> _Exercise directions_: From the top of the entries below through the line containing "Macau Skyline with", return every line exactly as written, please, and stop there.

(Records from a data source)

···

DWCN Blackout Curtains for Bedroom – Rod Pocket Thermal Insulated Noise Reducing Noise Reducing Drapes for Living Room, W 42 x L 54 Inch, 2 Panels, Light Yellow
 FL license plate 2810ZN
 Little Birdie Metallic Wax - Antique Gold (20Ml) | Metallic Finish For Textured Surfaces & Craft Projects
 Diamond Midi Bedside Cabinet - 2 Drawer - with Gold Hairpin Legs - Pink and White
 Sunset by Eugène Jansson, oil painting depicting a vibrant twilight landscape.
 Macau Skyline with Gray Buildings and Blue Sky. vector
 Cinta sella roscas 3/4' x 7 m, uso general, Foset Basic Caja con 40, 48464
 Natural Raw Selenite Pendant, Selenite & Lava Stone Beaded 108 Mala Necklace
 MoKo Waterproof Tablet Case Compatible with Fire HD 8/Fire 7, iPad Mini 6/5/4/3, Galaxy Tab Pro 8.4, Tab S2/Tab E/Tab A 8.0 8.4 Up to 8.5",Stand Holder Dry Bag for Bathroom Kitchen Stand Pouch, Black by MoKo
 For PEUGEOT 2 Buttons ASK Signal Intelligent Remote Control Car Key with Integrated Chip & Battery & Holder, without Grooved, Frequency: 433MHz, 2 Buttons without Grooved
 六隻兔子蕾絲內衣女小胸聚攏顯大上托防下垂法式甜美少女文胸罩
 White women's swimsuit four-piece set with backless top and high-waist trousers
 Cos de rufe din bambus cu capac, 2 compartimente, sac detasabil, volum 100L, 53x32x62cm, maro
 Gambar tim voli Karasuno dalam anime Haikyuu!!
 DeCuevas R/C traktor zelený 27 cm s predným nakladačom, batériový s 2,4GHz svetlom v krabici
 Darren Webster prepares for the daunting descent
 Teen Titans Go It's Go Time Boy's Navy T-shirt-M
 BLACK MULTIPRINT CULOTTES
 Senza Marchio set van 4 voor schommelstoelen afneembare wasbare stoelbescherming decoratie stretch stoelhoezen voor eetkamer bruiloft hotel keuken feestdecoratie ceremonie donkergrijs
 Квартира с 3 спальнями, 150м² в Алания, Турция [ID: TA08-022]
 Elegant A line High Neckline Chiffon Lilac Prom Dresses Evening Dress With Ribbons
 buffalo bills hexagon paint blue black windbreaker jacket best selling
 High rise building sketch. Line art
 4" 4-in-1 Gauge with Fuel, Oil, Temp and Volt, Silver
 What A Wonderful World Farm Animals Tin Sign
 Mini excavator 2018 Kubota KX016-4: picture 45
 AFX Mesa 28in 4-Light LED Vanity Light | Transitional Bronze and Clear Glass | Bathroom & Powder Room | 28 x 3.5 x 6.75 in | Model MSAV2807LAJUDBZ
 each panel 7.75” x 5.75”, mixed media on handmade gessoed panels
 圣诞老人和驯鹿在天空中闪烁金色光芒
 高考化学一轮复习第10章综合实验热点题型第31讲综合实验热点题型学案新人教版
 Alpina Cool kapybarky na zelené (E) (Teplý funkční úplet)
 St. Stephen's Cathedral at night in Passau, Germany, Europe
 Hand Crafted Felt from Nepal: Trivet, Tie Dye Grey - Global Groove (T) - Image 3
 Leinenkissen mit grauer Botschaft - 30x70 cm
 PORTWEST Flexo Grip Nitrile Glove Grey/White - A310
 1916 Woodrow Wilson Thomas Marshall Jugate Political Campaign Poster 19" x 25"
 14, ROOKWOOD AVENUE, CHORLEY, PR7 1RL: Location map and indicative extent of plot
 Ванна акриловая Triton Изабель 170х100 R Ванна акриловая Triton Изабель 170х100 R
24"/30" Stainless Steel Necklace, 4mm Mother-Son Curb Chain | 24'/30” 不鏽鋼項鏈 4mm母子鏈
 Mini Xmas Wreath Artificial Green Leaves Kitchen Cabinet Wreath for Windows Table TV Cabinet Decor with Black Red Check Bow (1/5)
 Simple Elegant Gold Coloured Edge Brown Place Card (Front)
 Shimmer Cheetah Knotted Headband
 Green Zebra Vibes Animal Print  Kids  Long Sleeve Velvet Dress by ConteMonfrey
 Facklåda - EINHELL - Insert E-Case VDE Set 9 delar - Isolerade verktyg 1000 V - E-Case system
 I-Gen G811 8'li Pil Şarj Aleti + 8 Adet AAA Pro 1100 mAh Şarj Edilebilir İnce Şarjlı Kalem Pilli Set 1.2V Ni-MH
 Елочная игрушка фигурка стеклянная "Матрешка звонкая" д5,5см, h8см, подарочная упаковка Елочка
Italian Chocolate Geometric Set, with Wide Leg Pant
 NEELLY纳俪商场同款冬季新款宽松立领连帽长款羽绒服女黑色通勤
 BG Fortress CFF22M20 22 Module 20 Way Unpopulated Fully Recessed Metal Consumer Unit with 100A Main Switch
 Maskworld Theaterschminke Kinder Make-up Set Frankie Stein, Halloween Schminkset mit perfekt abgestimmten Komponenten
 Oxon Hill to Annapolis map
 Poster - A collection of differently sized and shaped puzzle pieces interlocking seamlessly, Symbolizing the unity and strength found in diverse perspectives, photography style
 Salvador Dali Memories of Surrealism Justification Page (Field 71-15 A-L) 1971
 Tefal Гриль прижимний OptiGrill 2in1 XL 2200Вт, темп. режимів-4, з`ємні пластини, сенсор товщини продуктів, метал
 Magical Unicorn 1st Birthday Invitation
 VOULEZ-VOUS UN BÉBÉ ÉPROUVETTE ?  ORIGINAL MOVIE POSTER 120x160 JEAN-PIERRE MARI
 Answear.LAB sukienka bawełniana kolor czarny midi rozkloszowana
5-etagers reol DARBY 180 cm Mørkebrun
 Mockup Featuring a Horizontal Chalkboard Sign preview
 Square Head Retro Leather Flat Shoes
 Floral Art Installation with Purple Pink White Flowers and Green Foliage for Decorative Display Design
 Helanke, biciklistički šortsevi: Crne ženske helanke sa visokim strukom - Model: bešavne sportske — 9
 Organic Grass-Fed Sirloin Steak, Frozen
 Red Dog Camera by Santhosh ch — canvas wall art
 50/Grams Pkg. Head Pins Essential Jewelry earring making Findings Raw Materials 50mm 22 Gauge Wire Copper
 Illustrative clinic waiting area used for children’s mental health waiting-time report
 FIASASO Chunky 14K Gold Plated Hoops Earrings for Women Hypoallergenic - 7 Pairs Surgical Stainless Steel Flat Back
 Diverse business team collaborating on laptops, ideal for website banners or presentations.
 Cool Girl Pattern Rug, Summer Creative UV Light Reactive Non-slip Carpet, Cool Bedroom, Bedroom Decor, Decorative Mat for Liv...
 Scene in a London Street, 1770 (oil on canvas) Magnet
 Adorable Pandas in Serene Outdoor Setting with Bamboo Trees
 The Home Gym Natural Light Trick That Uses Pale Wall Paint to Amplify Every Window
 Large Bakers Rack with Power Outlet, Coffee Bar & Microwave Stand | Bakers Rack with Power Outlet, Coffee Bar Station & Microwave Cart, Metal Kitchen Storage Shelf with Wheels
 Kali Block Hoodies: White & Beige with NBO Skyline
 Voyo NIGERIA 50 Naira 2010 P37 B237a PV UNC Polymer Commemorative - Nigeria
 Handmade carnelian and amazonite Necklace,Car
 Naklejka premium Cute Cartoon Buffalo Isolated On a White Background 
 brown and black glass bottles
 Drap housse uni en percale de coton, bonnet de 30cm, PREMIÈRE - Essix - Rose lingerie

···

> _Your solution_:
DWCN Blackout Curtains for Bedroom – Rod Pocket Thermal Insulated Noise Reducing Noise Reducing Drapes for Living Room, W 42 x L 54 Inch, 2 Panels, Light Yellow
 FL license plate 2810ZN
 Little Birdie Metallic Wax - Antique Gold (20Ml) | Metallic Finish For Textured Surfaces & Craft Projects
 Diamond Midi Bedside Cabinet - 2 Drawer - with Gold Hairpin Legs - Pink and White
 Sunset by Eugène Jansson, oil painting depicting a vibrant twilight landscape.
 Macau Skyline with Gray Buildings and Blue Sky. vector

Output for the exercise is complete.